> **TASK DETAILS**: Reproduce verbatim all of the data given below, but do not carry over the images.

> **AVAILABLE DATA**:

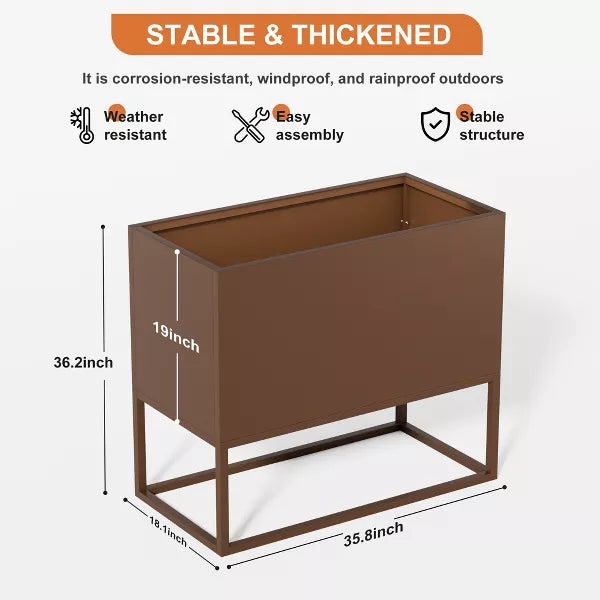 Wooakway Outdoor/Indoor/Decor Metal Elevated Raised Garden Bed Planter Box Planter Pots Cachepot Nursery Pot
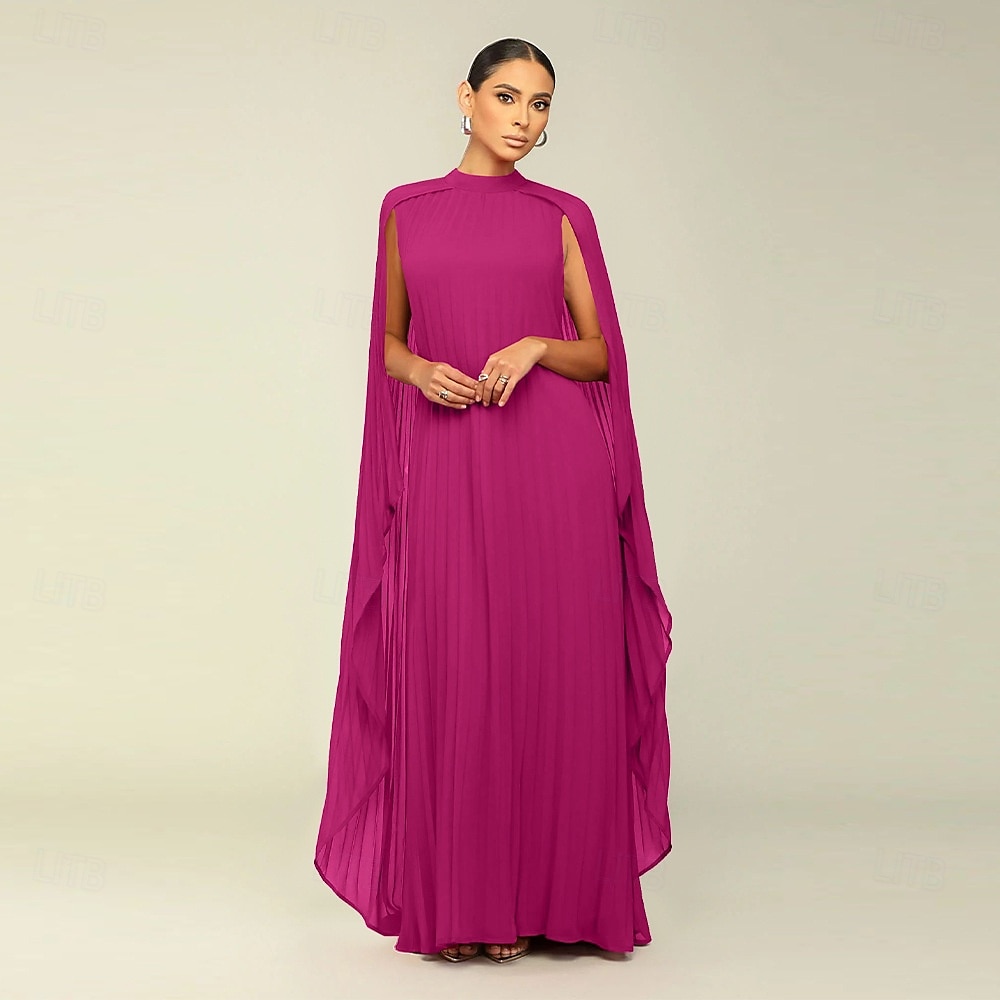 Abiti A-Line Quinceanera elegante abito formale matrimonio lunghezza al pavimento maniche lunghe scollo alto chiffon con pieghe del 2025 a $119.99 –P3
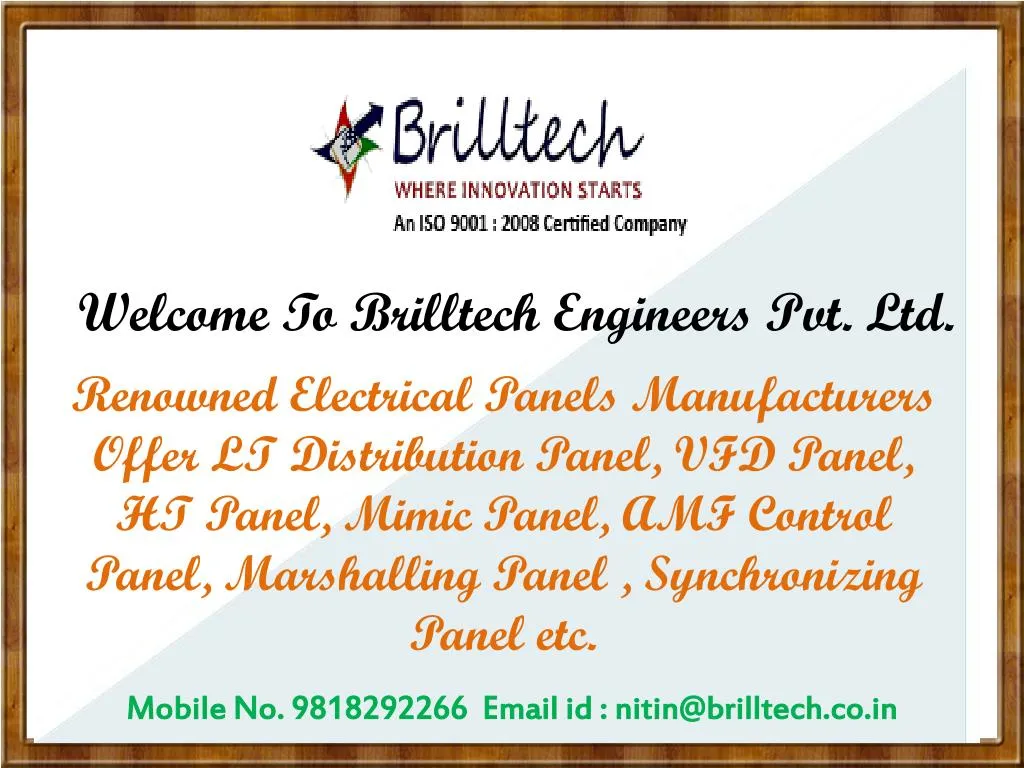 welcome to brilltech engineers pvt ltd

> **SOLUTION FOR THIS TASK**:
 Wooakway Outdoor/Indoor/Decor Metal Elevated Raised Garden Bed Planter Box Planter Pots Cachepot Nursery Pot
 Abiti A-Line Quinceanera elegante abito formale matrimonio lunghezza al pavimento maniche lunghe scollo alto chiffon con pieghe del 2025 a $119.99 –P3
 welcome to brilltech engineers pvt ltd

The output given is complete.